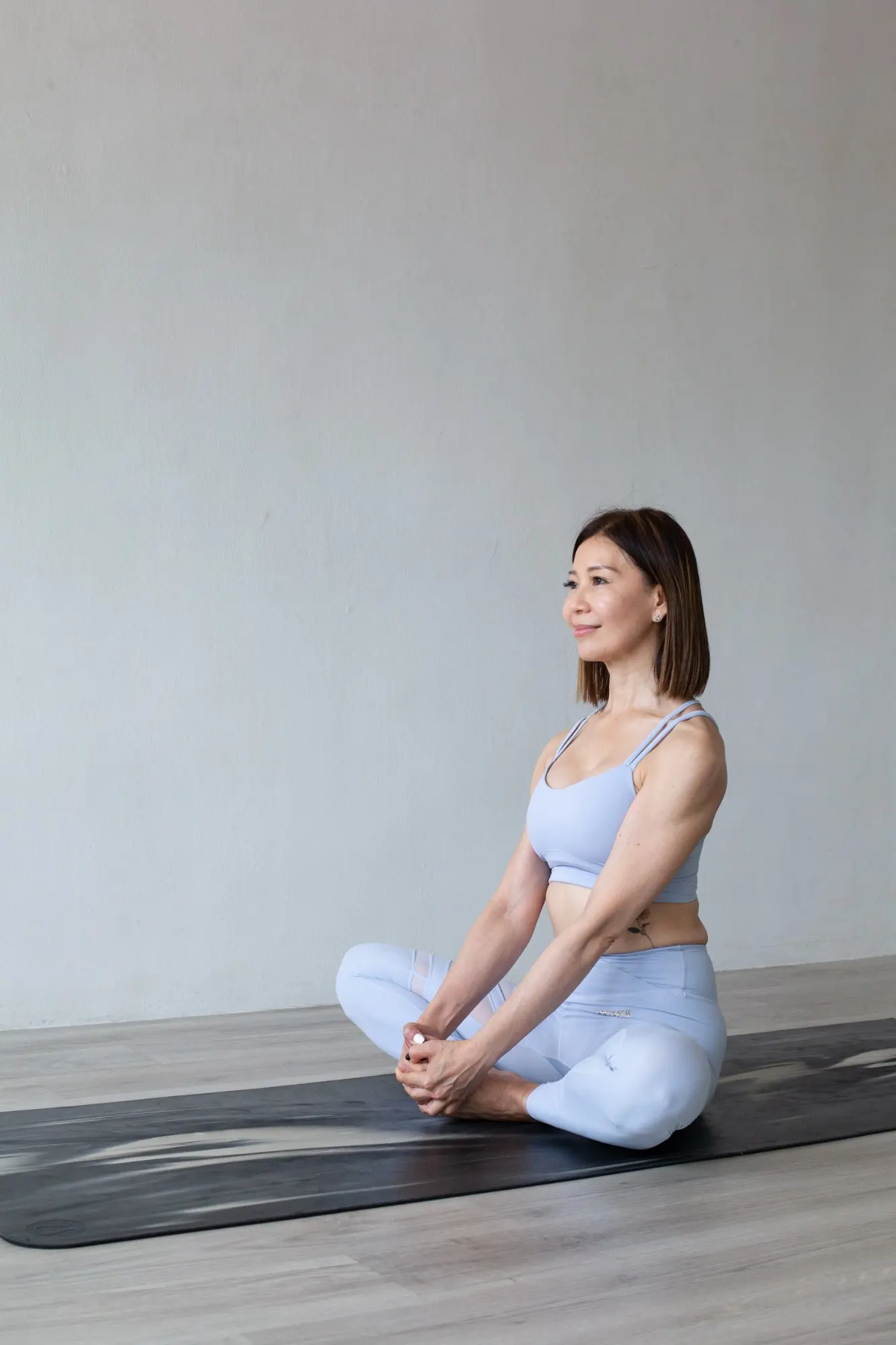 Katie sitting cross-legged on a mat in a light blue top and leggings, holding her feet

:::::

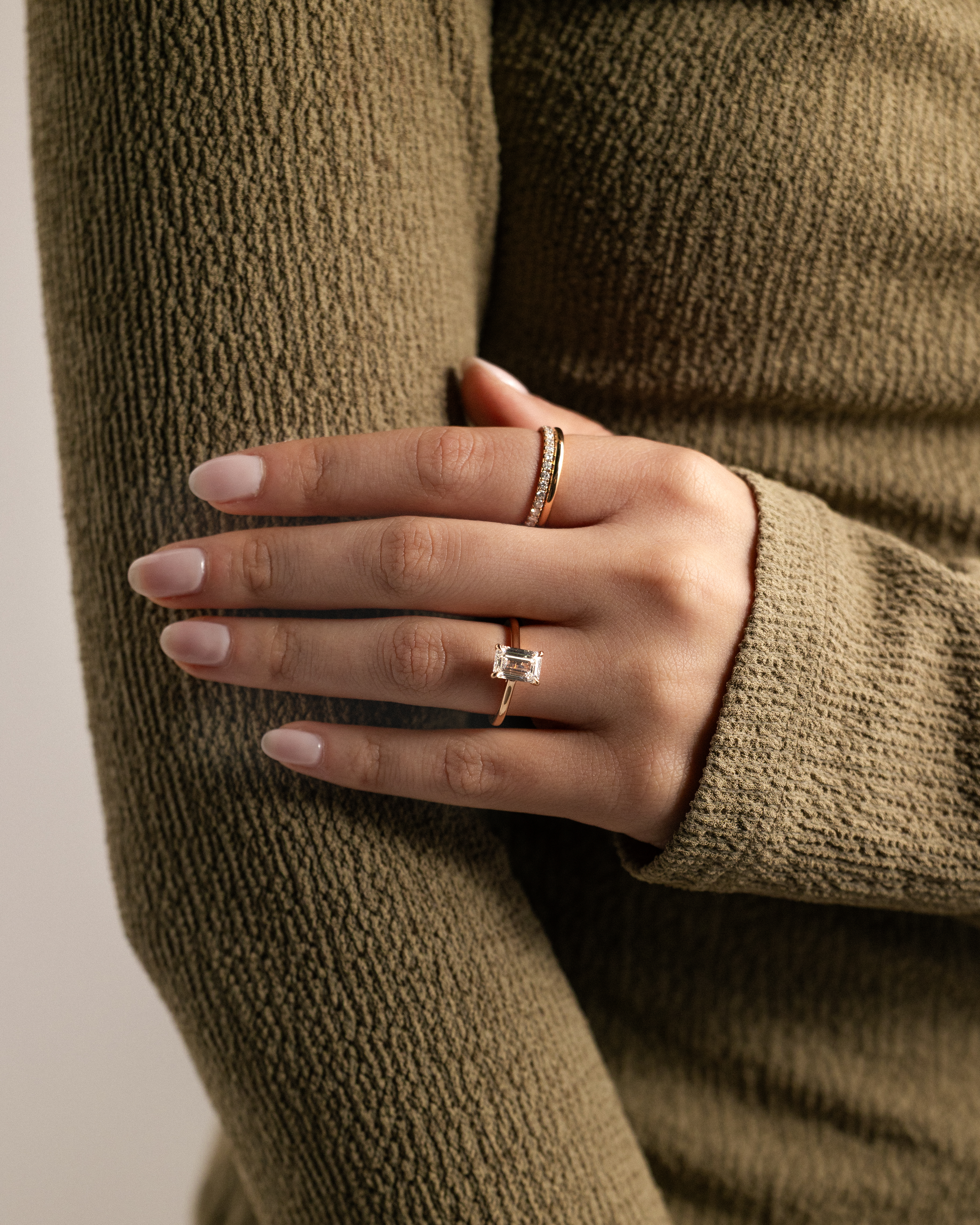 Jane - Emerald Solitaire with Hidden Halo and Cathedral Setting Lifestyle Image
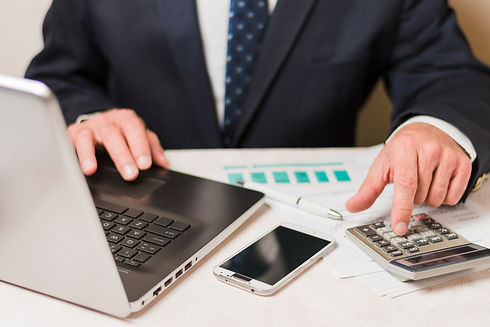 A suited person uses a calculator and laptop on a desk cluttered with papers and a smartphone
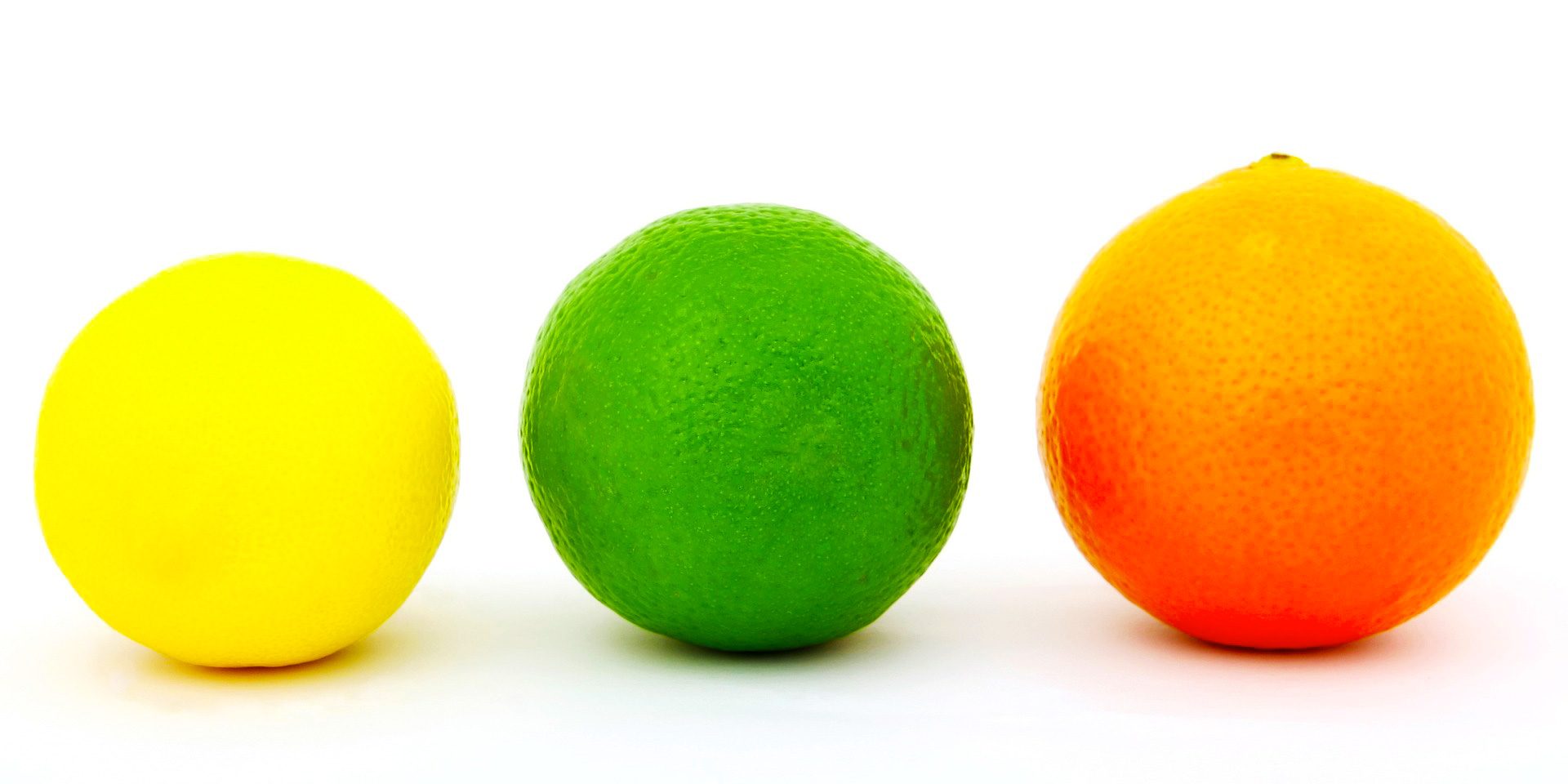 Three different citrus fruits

:::::

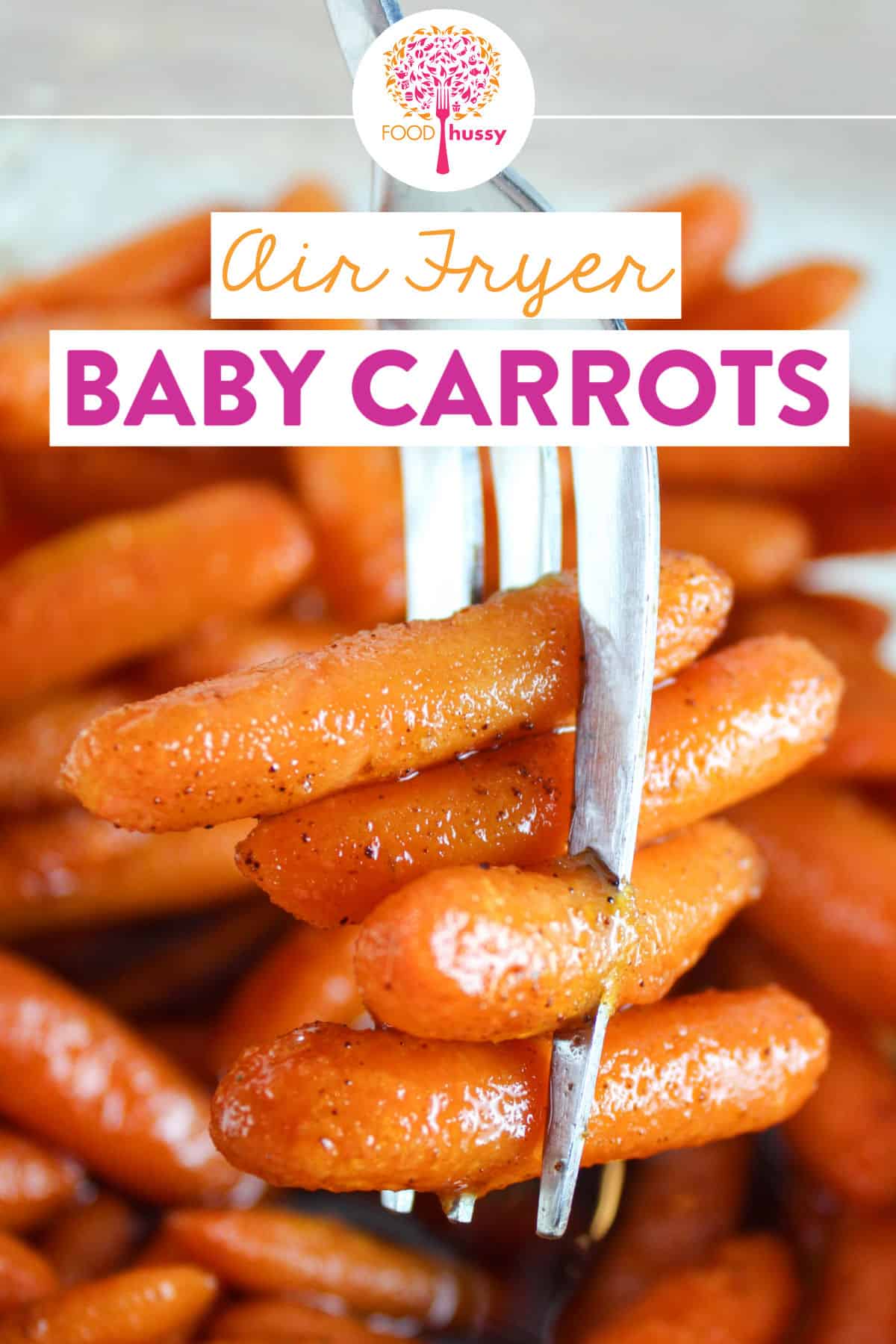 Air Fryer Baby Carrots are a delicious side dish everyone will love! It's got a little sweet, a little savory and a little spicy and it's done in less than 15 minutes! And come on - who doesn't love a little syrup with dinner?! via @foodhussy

:::::

◆ Your goal:
Print nothing but the lines above starting with the line that contains "Jane - Emerald" and going on through the line that contains "Three different citrus fruits". Leave out the pictures.

◆ Completed exercise:
 Jane - Emerald Solitaire with Hidden Halo and Cathedral Setting Lifestyle Image
 A suited person uses a calculator and laptop on a desk cluttered with papers and a smartphone
 Three different citrus fruits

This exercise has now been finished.